- Opening Delimiter -

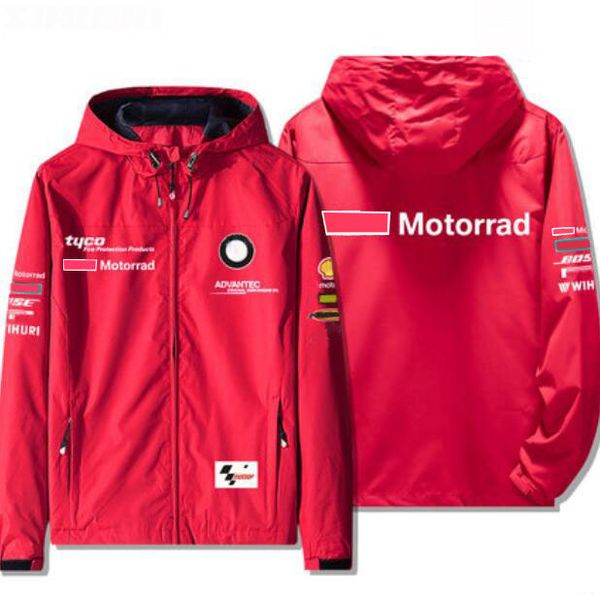 

motorcycle racing jackets, men's and women's outdoor cycling sweatshirts, the same styles are customized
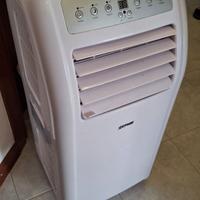 Condizionatore portatile Zephir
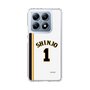 スリムプロテクションケース［ 北海道日本ハムファイターズ - 2004復刻レプリカ#1 SHINJO ］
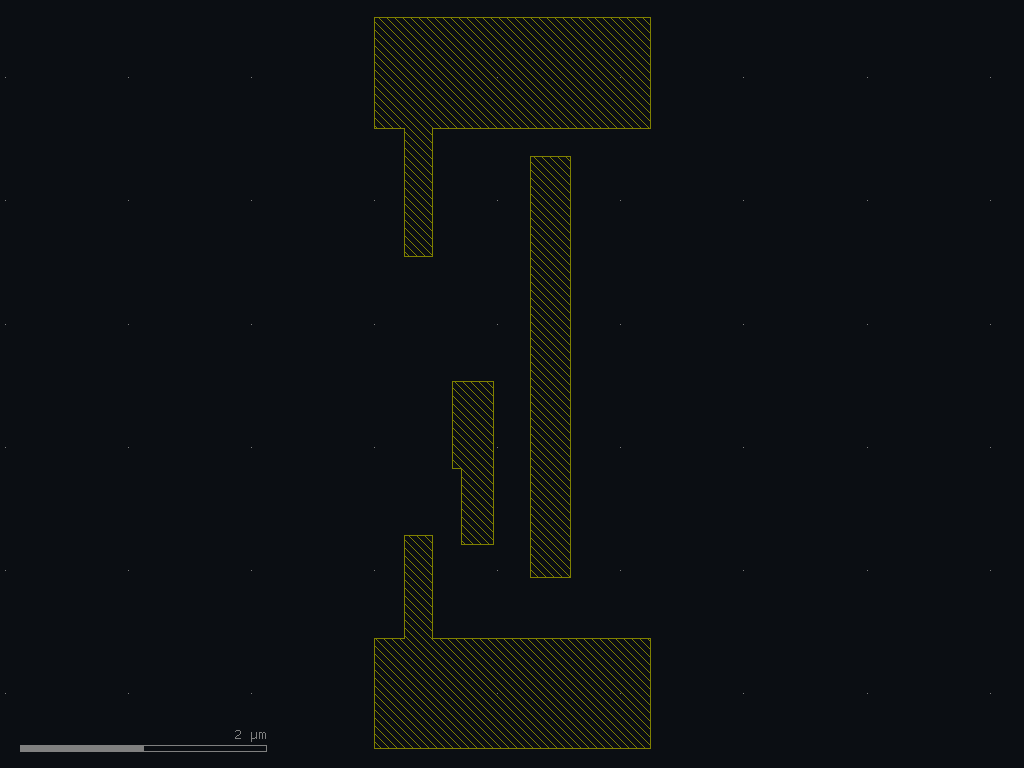 Render "34_0" of gf180mcu_fd_sc_mcu9t5v0__clkinv_1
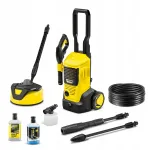 Karcher K5 FJ Home BB k&otilde;rgsurvepesur 145 bar vahupihusti kaasas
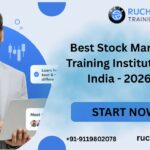 Best Stock Market Course in India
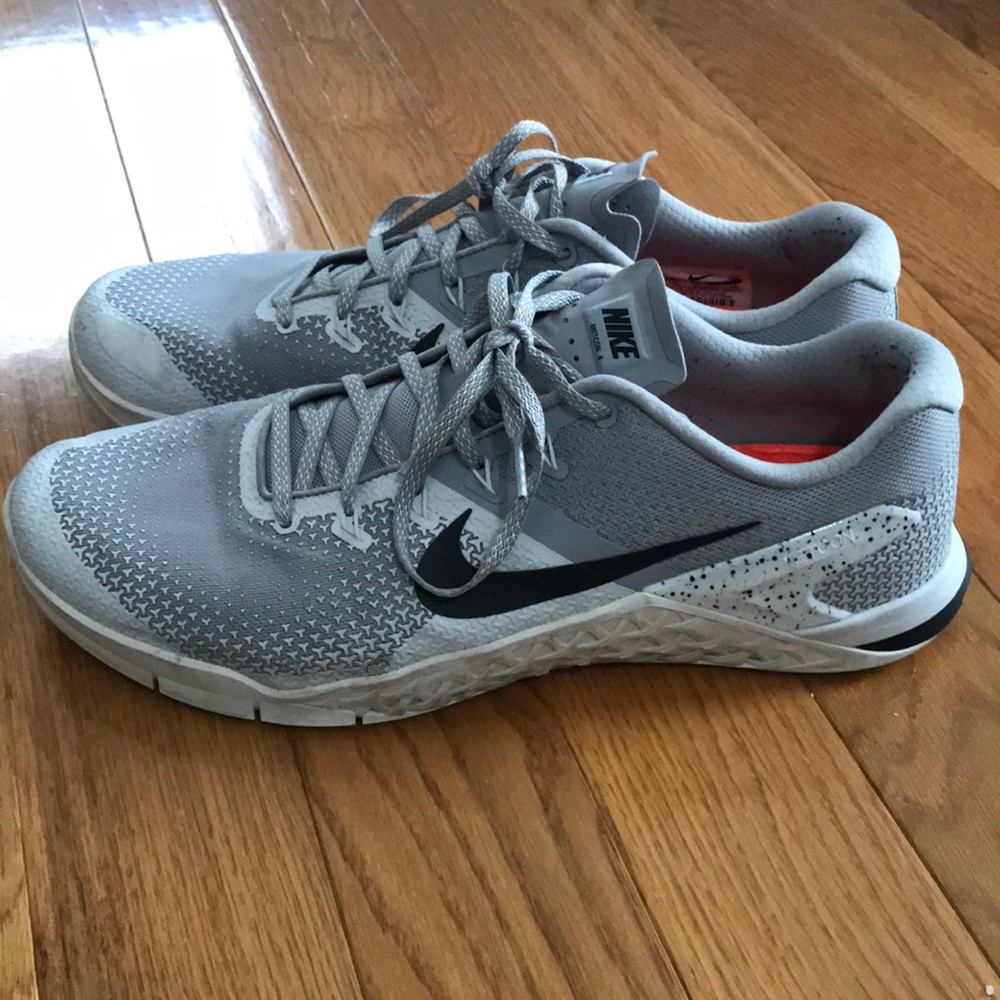 Nike Metcon 4 Training Shoes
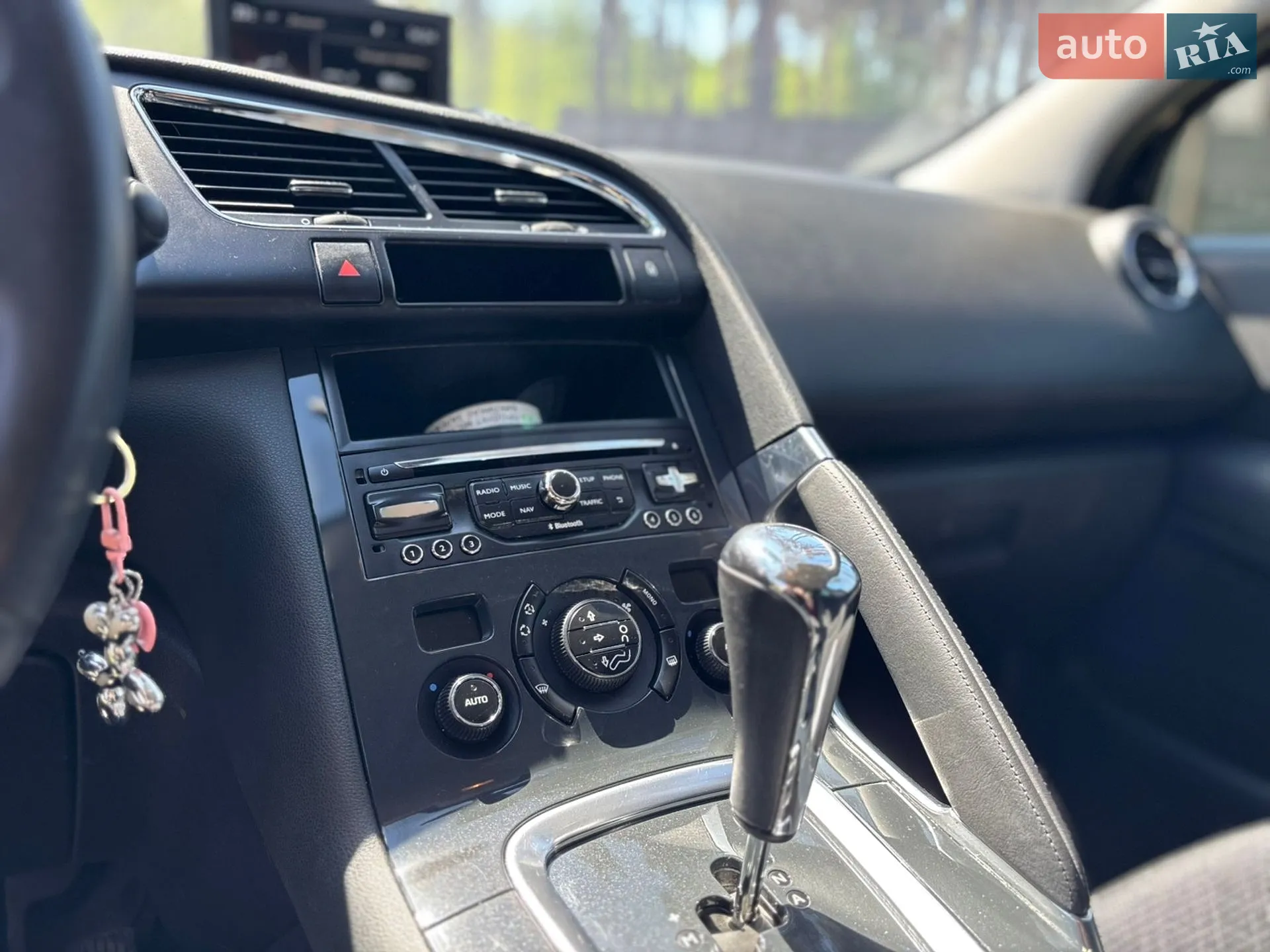 2014 Peugeot 3008 - мініатюра 14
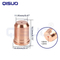 S74 S75 C70 S105 Electrode Pr0117 Nozzle Tip 1.0mm / 1.2mm for Plasma Cutter Torch Consumables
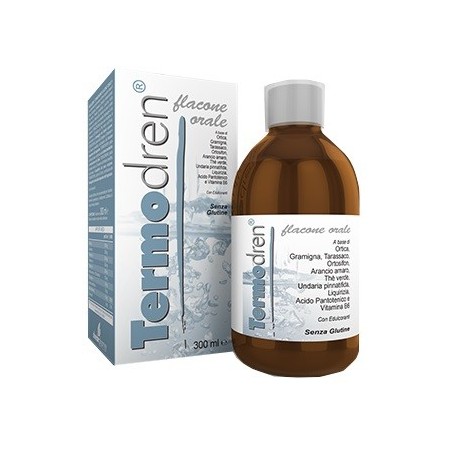 TERMODREN 300ML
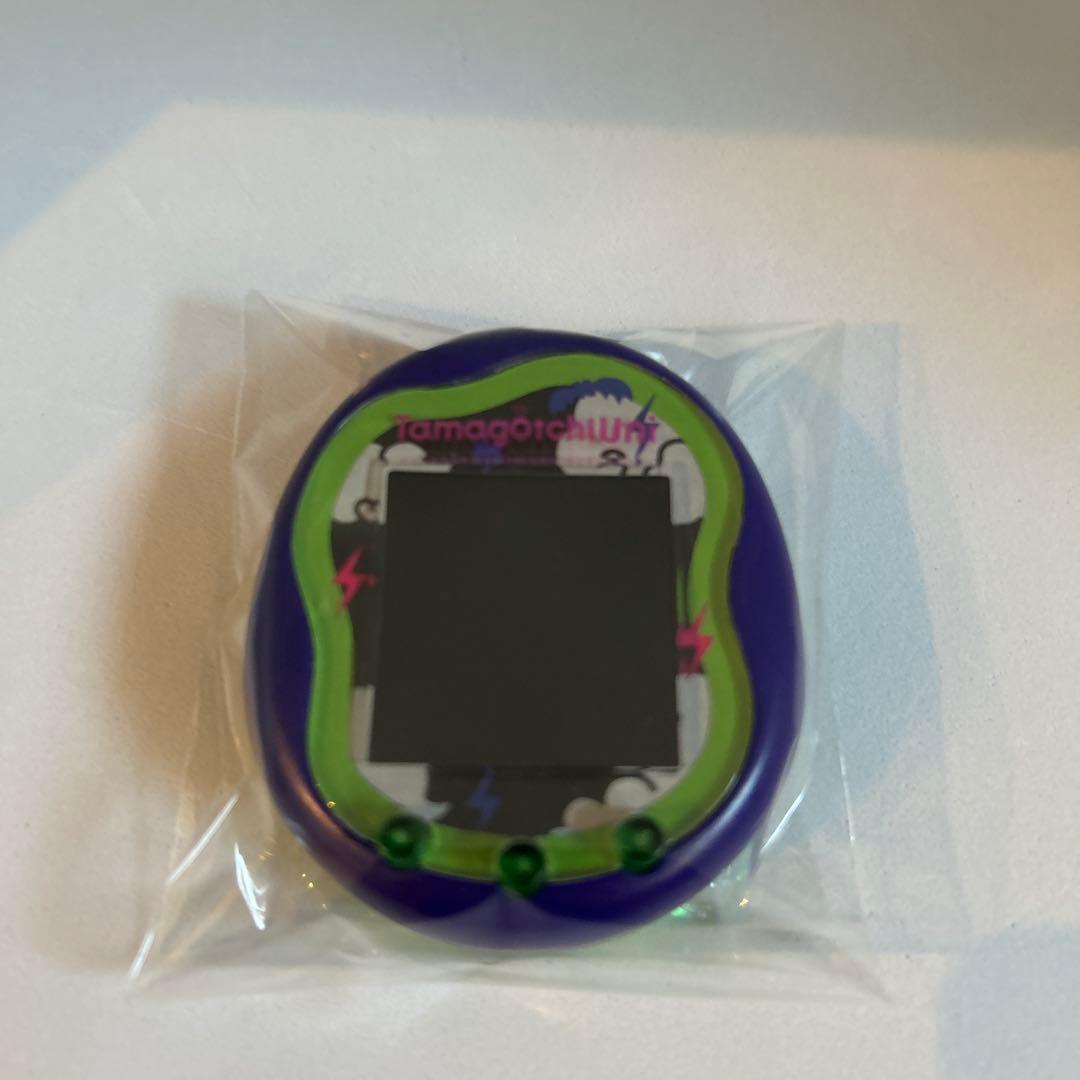 たまごっちユニ モンスターカーニバル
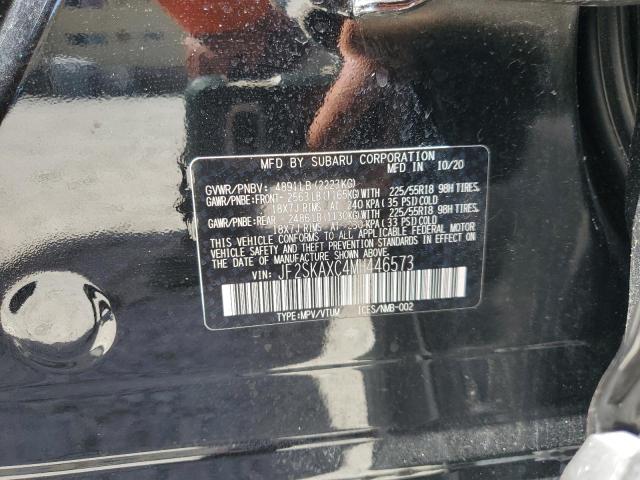JF2SKAXC4MH446573 Subaru Forester T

- Closing Delimiter -

Please write out the lines from the one that holds "S74 S75 C70" through the end of the material, both ends included, exactly and with no pictures.

 S74 S75 C70 S105 Electrode Pr0117 Nozzle Tip 1.0mm / 1.2mm for Plasma Cutter Torch Consumables
 TERMODREN 300ML
 たまごっちユニ モンスターカーニバル
JF2SKAXC4MH446573 Subaru Forester T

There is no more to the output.